Dans quels cas une SCI peut-elle garantir la dette d’un associé ?

Une SCI ne peut pas constituer une hypothèque sur son seul immeuble pour garantir la dette d'un associé si cette sûreté risque de compromettre sa survie. Ce rappel de la Cour de cassation est l'occasion de faire le point sur les situations dans lesquelles ce type de garantie peut être envisagé par une SCI. (Cass. com. 6 janvier 2021, n° 19-15299)

La Cour de cassation rappelle, d'une part, que la sûreté accordée par une société civile en garantie de la dette d'un associé n'est pas valide dès lors qu'étant de nature à compromettre l'existence même de la société, elle est contraire à l'intérêt social.
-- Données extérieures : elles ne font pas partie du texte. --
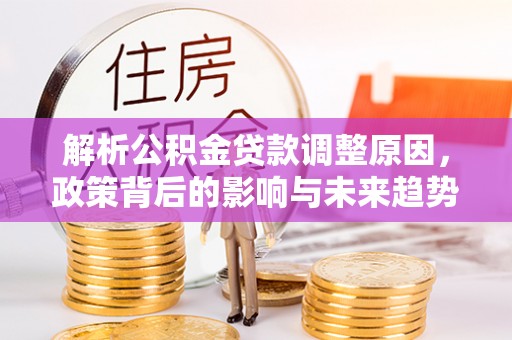 优质解析公积金贷款调整原因，政策背后的影响与未来趋势
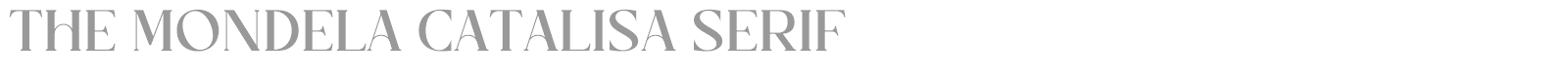 The Mondela Catalisa Serif font preview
Il en est ainsi même dans le cas où un tel acte entre dans son objet statutaire.

D'autre part, les juges relèvent que l’immeuble donné en garantie constituait le seul bien de la SCI de sorte que cette dernière, qui ne tirait aucun avantage de son engagement, mettait en jeu son existence même.

La constitution de l'hypothèque sur l'immeuble de la SCI doit donc être annulée, l'acte n'intervenant pas dans l'intérêt de la société.

La Cour de cassation reste fidèle à sa jurisprudence antérieure qui refuse toute garantie consentie par une SCI dès lors que celle-ci n'en retire aucun avantage (voir en ce sens, cass. com. 3 juin 2008, n° 07-11785 ; cass. com. 12 septembre 2012, n° 11-17948 ; cass. com. 23 septembre 2014, n° 13-17347).

Les situations dans lesquelles une SCI a pu garantir la dette d'un associé

La garantie par la SCI d'une dette d'un associé est envisageable lorsque la SCI peut y trouver son intérêt.

Ainsi, le cautionnement hypothécaire d’une SCI sur son seul bien immobilier afin de garantir la dette d'un associé a été validé notamment lorsque :

-la garantie avait permis à la SCI d’acquérir un patrimoine immobilier et d’en percevoir les loyers (cass. com. 2 novembre 2016, n° 16-10363) ;

-la valeur de l’immeuble excédait le montant de l'engagement de la SCI ; ainsi celle-ci avait pu réinvestir le reliquat de la vente, de telle sorte que son entier patrimoine n'avait pas disparu (cass. civ., 3e ch., 21 décembre 2017, n° 16-26500) ;

-la dette garantie avait pour objet la récupération de fonds propres investis par le gérant dans la SCI (cass. civ., 3e ch., 20 décembre 2018, n° 17-26216).

L'intérêt social réinterprété par la loi Pacte

Jusqu'à l'intervention de la loi 2019-486 du 22 mai 2019 (dite « loi Pacte »), l'intérêt de la société n'était pas défini dans les textes. Il était uniquement prévu que toute société devait avoir un objet licite et être constituée dans l'intérêt commun des associés (c. civ. art. 1833, al. 1).

La loi Pacte a ajouté un nouvel alinéa : « La société est gérée dans son intérêt social, en prenant en considération les enjeux sociaux et environnementaux de son activité » (c. civ. art. 1833, al. 2). Toutefois, elle a, par la même occasion, exclu la sanction de nullité pour tout acte ou délibération de la société pris en méconnaissance de ce nouvel alinéa (c. civ. art. 1844-10, al. 3).

Cette nouveauté ne joue que pour les actes conclus à compter du 24 mai 2019 ; tel n’est pas le cas dans notre affaire ci-avant commentée. Mais il sera intéressant de connaître la position de la jurisprudence sur des garanties consenties postérieurement à cette date. Si elle considérait que la sanction de la nullité n'était plus possible en application de l'article 1844-10 du code civil, les garanties données par une SCI pourraient-elles être plus largement validées ?

Source Revue fiduciaire Feuillet hebdo n° 3880 du 25 février 2021.